Government Takes Strong Action Against Harmful Consolidation by Opposing UnitedHealth-Change Merger

 

Joint federal-state lawsuit to block merger is important step forward to restore anti-merger law

WASHINGTON – The Open Markets Institute applauds the Justice Department and the Attorneys General of Minnesota and New York for suing to stop UnitedHealth Group’s (UnitedHealth) $13 billion merger of Change Healthcare (Change).

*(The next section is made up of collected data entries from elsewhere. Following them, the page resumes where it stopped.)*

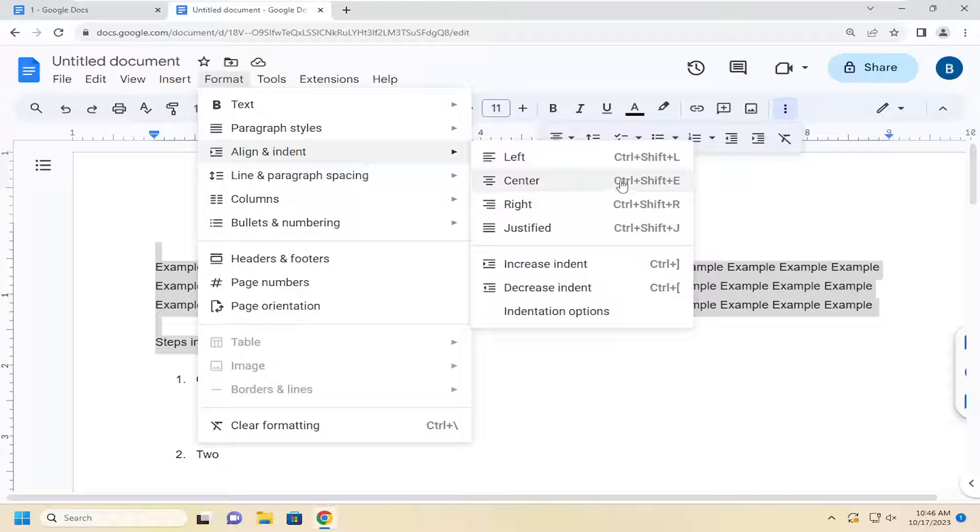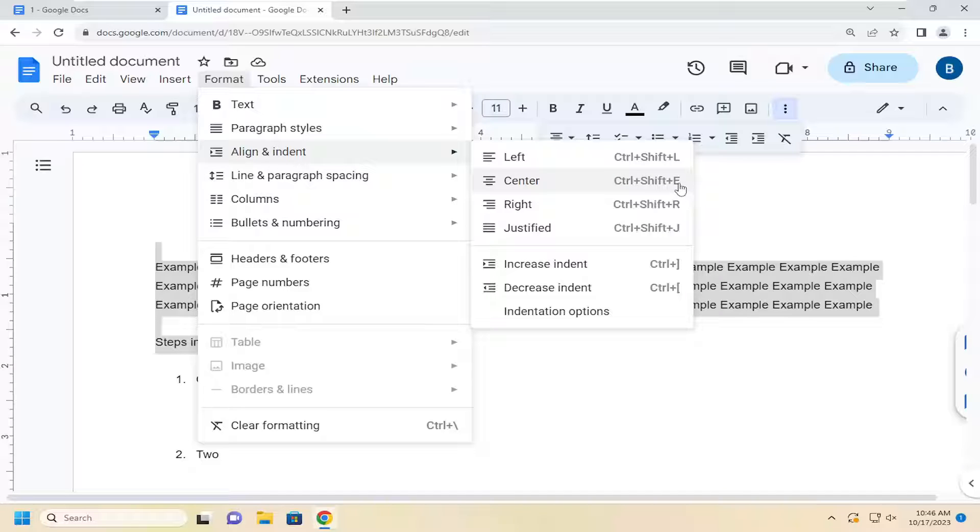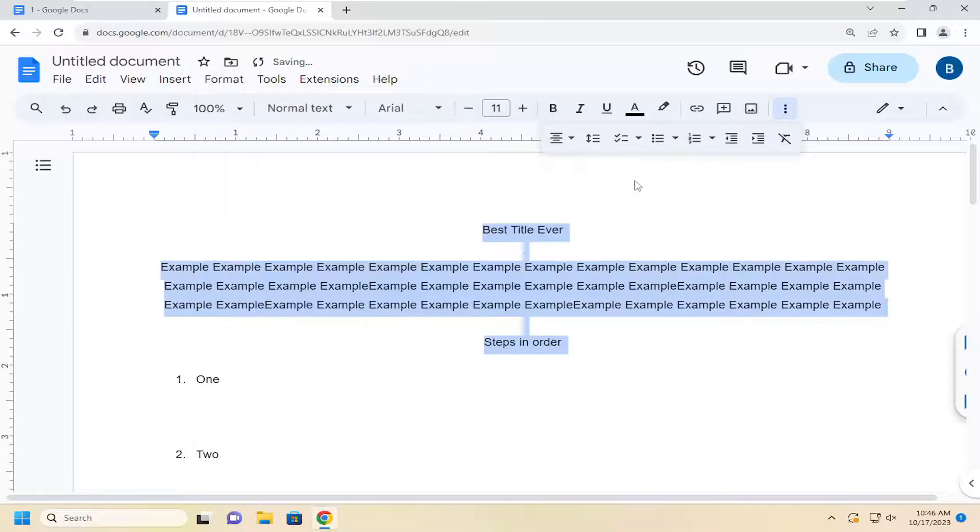Alternatively, you can tap Ctrl+Shift+E on your keyboard to center the text. So that's one way.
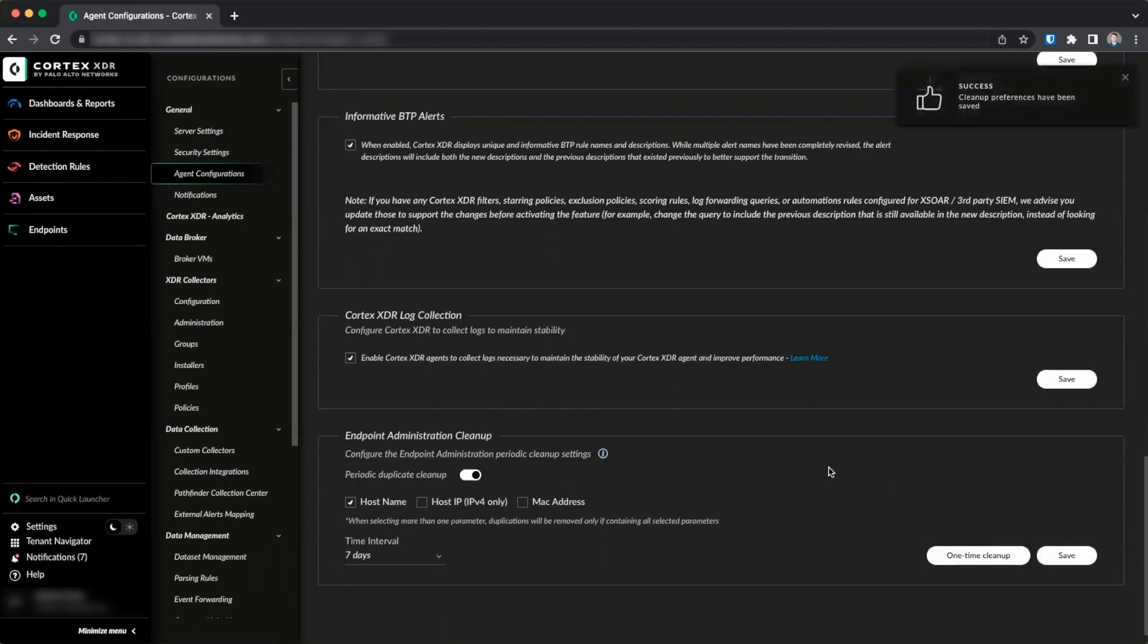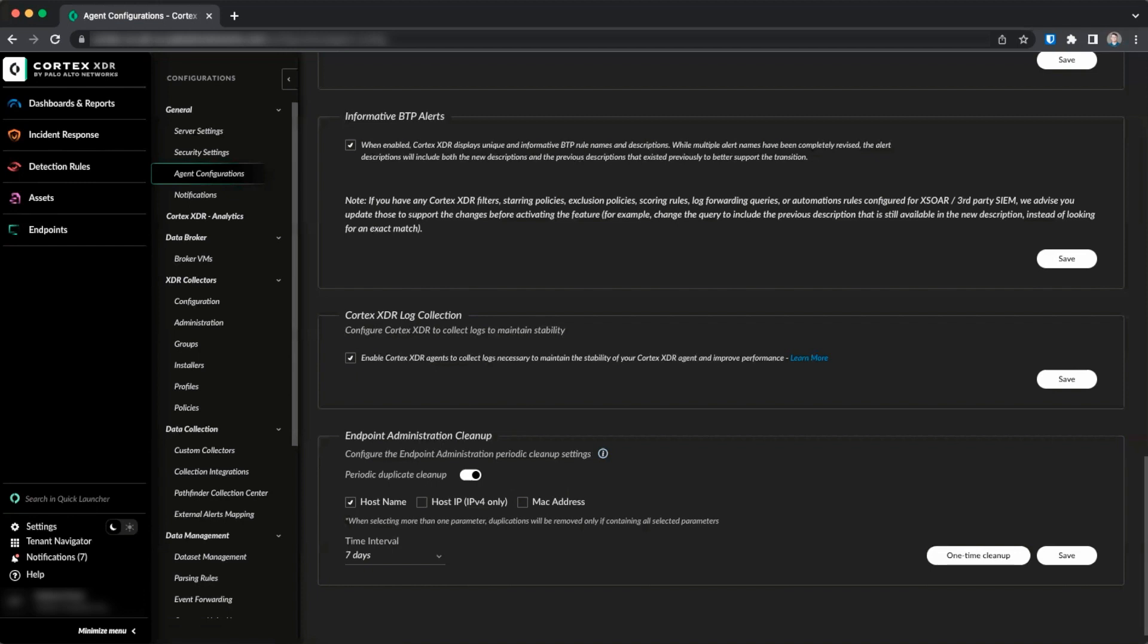Please note, all duplicates will be removed, including all endpoint data, leaving only the last endpoint reporting to the server. Endpoint data is retained for 90 days since the last connection, and if a deleted endpoint reconnects, it will recover its existing endpoint data.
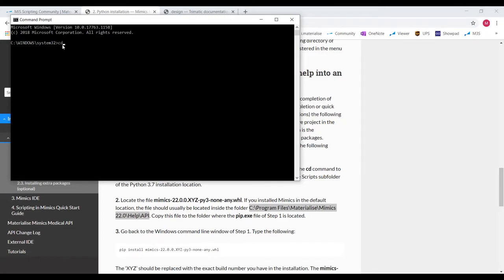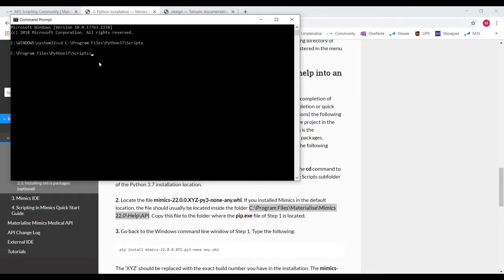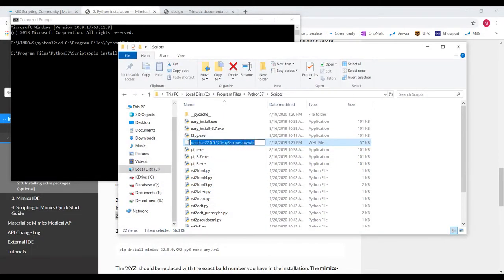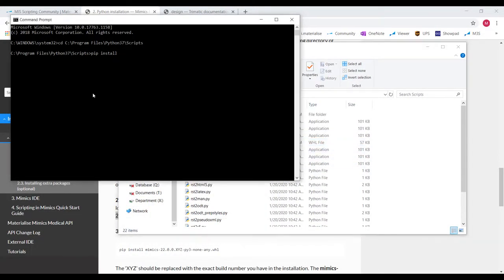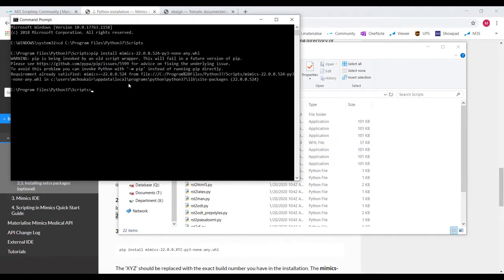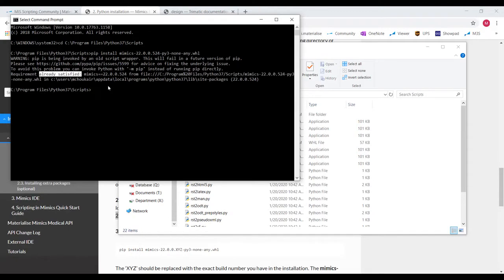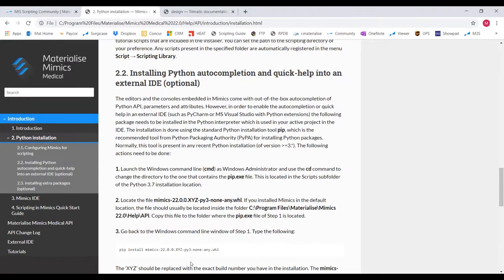To do that, we'll first type cd then copy that folder chain and paste it here and hit enter. Now that our command line has changed to that scripts folder, we can install all the packages we have in that folder. To install packages, we're going to want to type pip install and then the package name. So the first one is that auto-completion file. Let's copy that name and paste it here and then hit enter. I've already imported this so that's why I get this message, but you should get a successfully installed message after it's done loading.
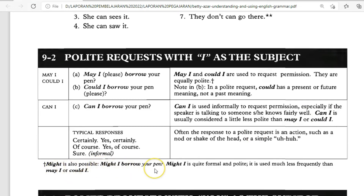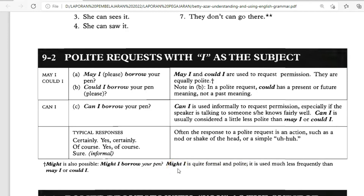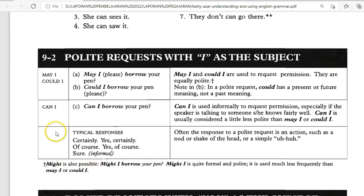How about 'Might I'? Might I is also possible to use in polite requests. For example: 'Might I borrow your pen?' It is a polite and quite formal form, similar to Could I and May I. However, 'Might I' is rarely used compared to May I and Could I, so we prefer using May I and Could I.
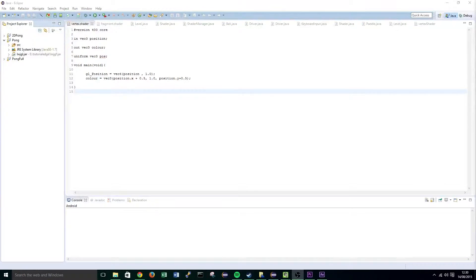Hi guys, it's Elliot from TutorialEdge.net and welcome to the 9th tutorial in my programming 2D Pong with LWJGL3 tutorial series. In this tutorial we will be implementing uniform variables to our shaders and we will finally be able to create paddles that move.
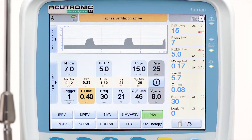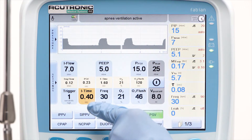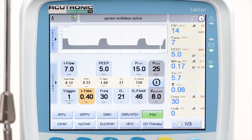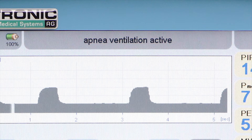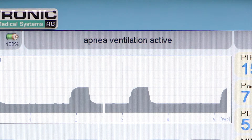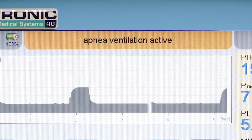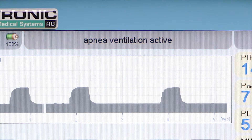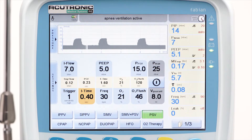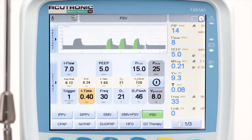If the apnea alarm is set to off, the ventilator will start the backup ventilation immediately after one i-time period. In the status bar, the ventilator displays apnea ventilation active, and a minimum backup rate is also guaranteed. If spontaneous inspiratory effort starts again, the ventilator goes back to PSV automatically.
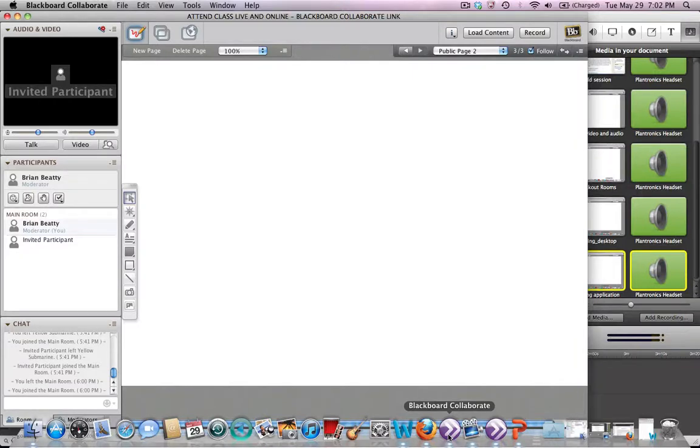Hello. This short video will show you how to give control of one of your shared applications over to one of the participants.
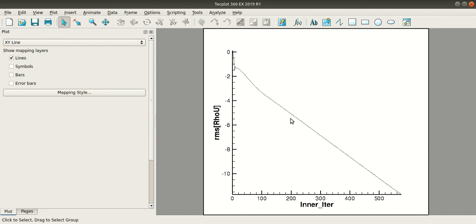So this is the method to plot residuals in Techplot. So this concludes our video. Stay tuned for more.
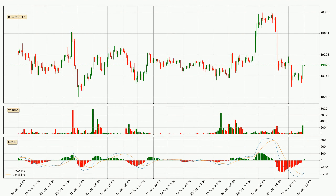Moving to the hourly MACD, the MACD line is above the signal line, which shows that the current trend is on the upside. The MACD histogram shows that the momentum is currently strong and it could be expected the price to go further to the upside.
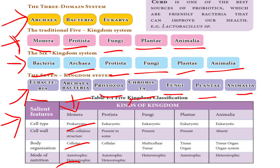Protista: cell type is eukaryote. Cell wall is present in some. Body organization is cellular. Mode of nutrition is both autotrophic and heterotrophic.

UnitedHealth is a diversified health care giant. It is, among other things, the largest health insurer in the United States, a major healthcare provider, an operator of a major pharmacy benefit manager, and an electronic data interchange that providers and insurers use to process claims. Change is the largest electronic data interchange in the country and, as the complaint states, “connects 5,550 hospitals, 900,000 physicians, and 2,400 government and commercial health insurers.”

As the government suit alleges, UnitedHealth’s acquisition of Change Healthcare is deeply concerning for multiple reasons. It represents a major data grab. Through the proposed acquisition, UnitedHealth would gain access to the claims data of rival insurers and give it an unfair competitive advantage in the health insurance market. Further, a bulked-up UnitedHealth would have a monopolistic position in the electronic data interchange market. It could use this enhanced power to raise claims processing rates to competing health insurers to boost its own bottom-line and to impede rivals’ ability to compete against UnitedHealth’s insurance plans.

In response to the joint federal-state action to stop this harmful merger, Open Markets’ legal director Sandeep Vaheesan said:

“The Justice Department and Attorneys General of Minnesota and New York deserve great credit for seeking to block this harmful consolidation in healthcare. UnitedHealth and Change are already leading players in key healthcare markets. A combined United-Change would have extraordinary power to thrive at the expense of patients, providers, and rivals.

“Federal and state antitrust enforcers also deserve applause for reviving the Clayton Act’s prohibition on mergers and acquisitions that “tend to create a monopoly” and the longstanding “structural presumption” against mergers among rivals that unduly concentrate markets. This case represents an important strike against corporate consolidation and a step forward in the ongoing federal effort to resurrect the strong anti-merger law that Congress enacted.”